Port authority hopes to know Friday the fate of tower


By Ed Runyan

runyan@vindy.com

VIENNA

Officials hope to know Friday the fate of the air-traffic control tower at the Youngstown-Warren Regional Airport.

Dan Dickten, airport director of aviation, said the decision on which towers would be closed or scaled back nationwide was expected Monday, but was pushed back because of the amount of input from the communities affected.

The tower is on two lists — one proposed to lose its midnight shift, and one proposed for closure. The lists were issued after the federal sequester took place this month requiring the Federal Aviation Administration to cut its budget.

The tower has 16 controllers and three management and support personnel, said board member James Floyd.
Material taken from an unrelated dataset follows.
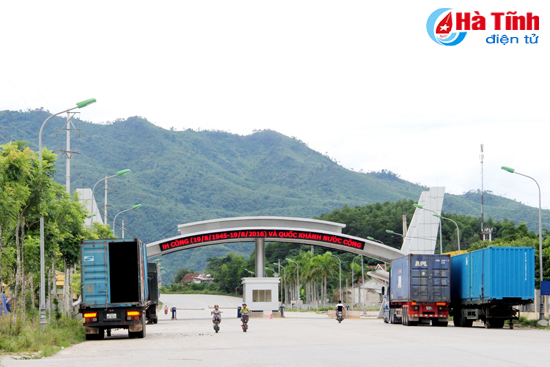 Bỏ quy định cơ chế, chính sách tài chính đối với khu kinh tế cửa khẩu Bỏ quy định cơ chế, chính sách tài chính đối với khu kinh tế cửa khẩu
The members of the Western Reserve Port Authority, which runs the airport and met Wednesday, said they came away from a meeting with tower leadership believing that the elimination of the midnight shift would be the best scenario.
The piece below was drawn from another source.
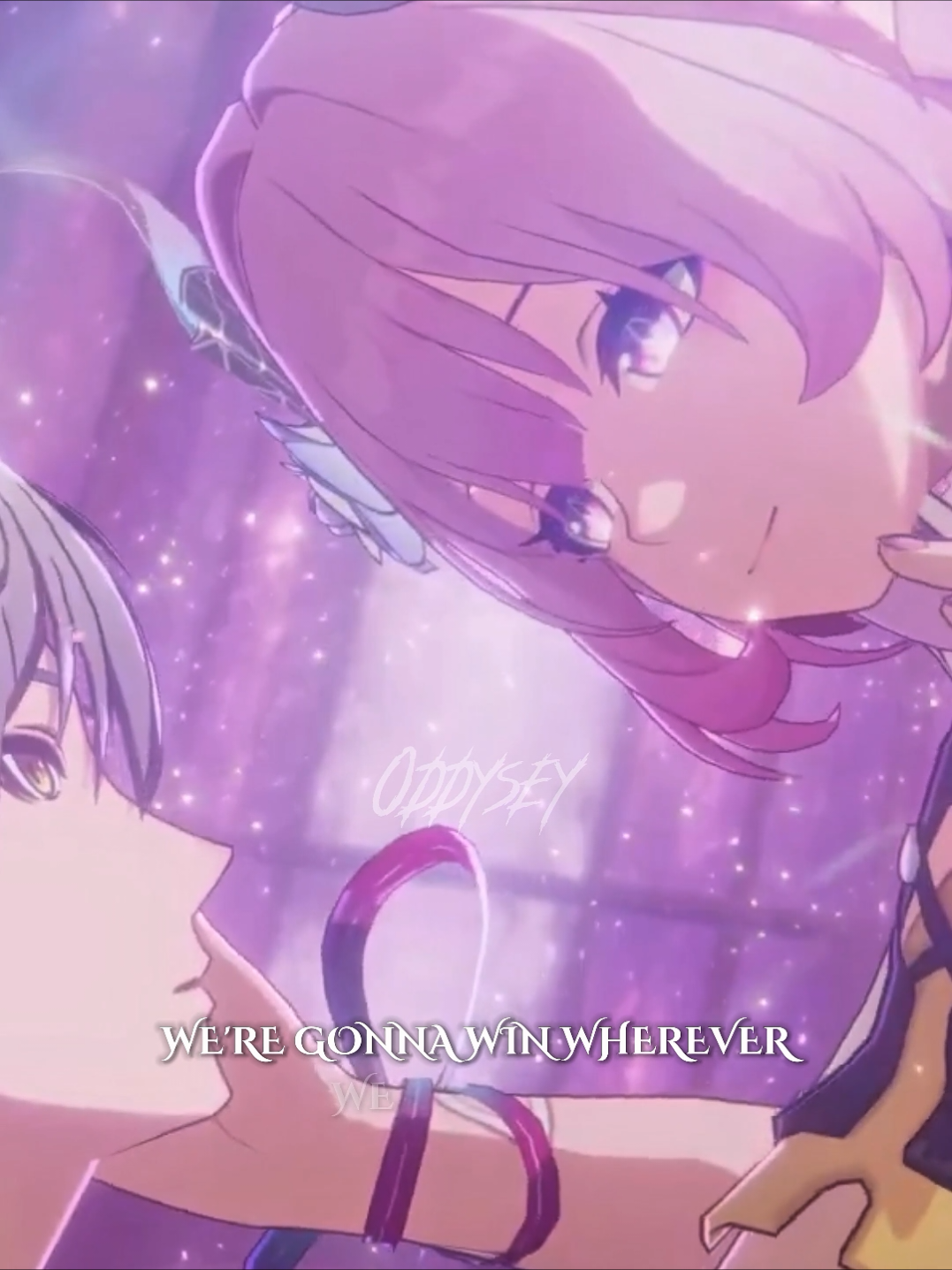 #honkaistarrailedit #hoyoverse #tobeherox #HonkaiStarRail #anime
The airport averages half an aircraft per night from 11 p.m. to 7 a.m., so losing that shift would be much less of a loss than losing staffing at the tower altogether, said board member Patrick Pellin.
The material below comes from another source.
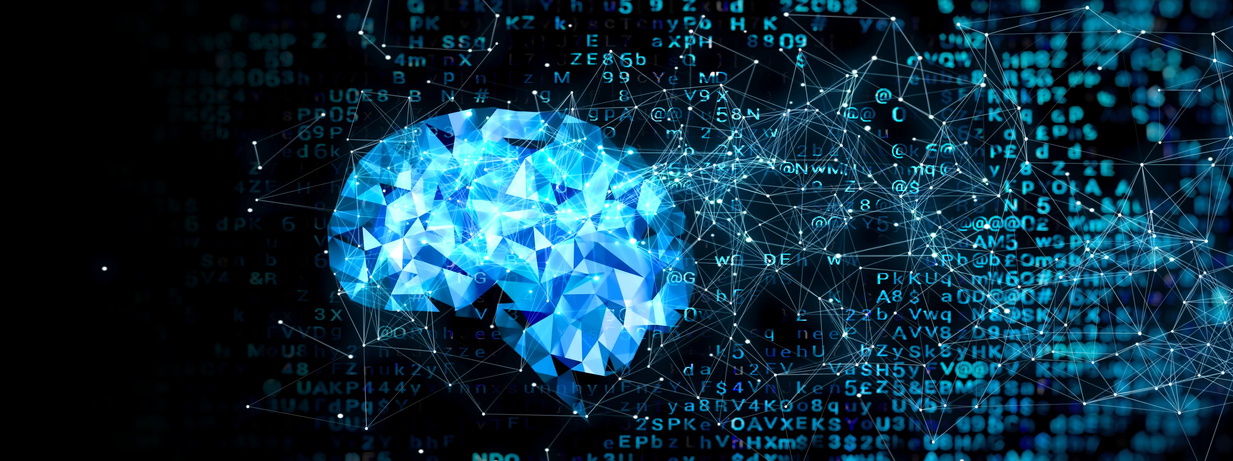 Abstract artificial intelligence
“The employees agreed that [losing the midnight shift] is a way to save the tower,” board member Andre Visnapuu said.

If an aircraft were delayed past the 11 p.m. closing time or was coming early in the morning, staff could remain on duty or come in early on overtime to handle the work, Dickten said.

Pellin said the main benefit of having the tower operational is to provide an actual “eyes on” person to see aircraft on the runway.

That serves as a backup to personnel monitoring radar screens and provides an “added layer of safety” for air traffic, Pellin said.

Dickten said he’s been expecting the midnight shift at the tower to go away, but he has asked the FAA to remove the tower from a list of sites the agency has proposed closing altogether.

Dickten, in a letter to the FAA, stressed that the Youngstown- Warren Regional Airport is a joint commercial and military airport supporting the 910th Airlift Wing at the Air Force Reserve Station.

Board member Scott Lewis said one concern for the airport is how the airport’s leisure airline, Allegiant Air, and prospective airlines that could provide daily service would perceive the loss of the tower.

Dickten said discussions with two airlines considering daily service from Vienna have said air fares might be higher to fly from Vienna than from other regional airports, but fliers would save money on other airport costs, such as parking.

In other business, the port authority approved buying the former Airport Inn restaurant just north of the airport on state Route 193 from the Trumbull County Land Bank at a cost of $8,000.

Part of the requirement of the land bank is that the authority demolish the restaurant building, said Rose Ann DeLeon, executive director of the port. The authority has no specific plans for the half-acre property.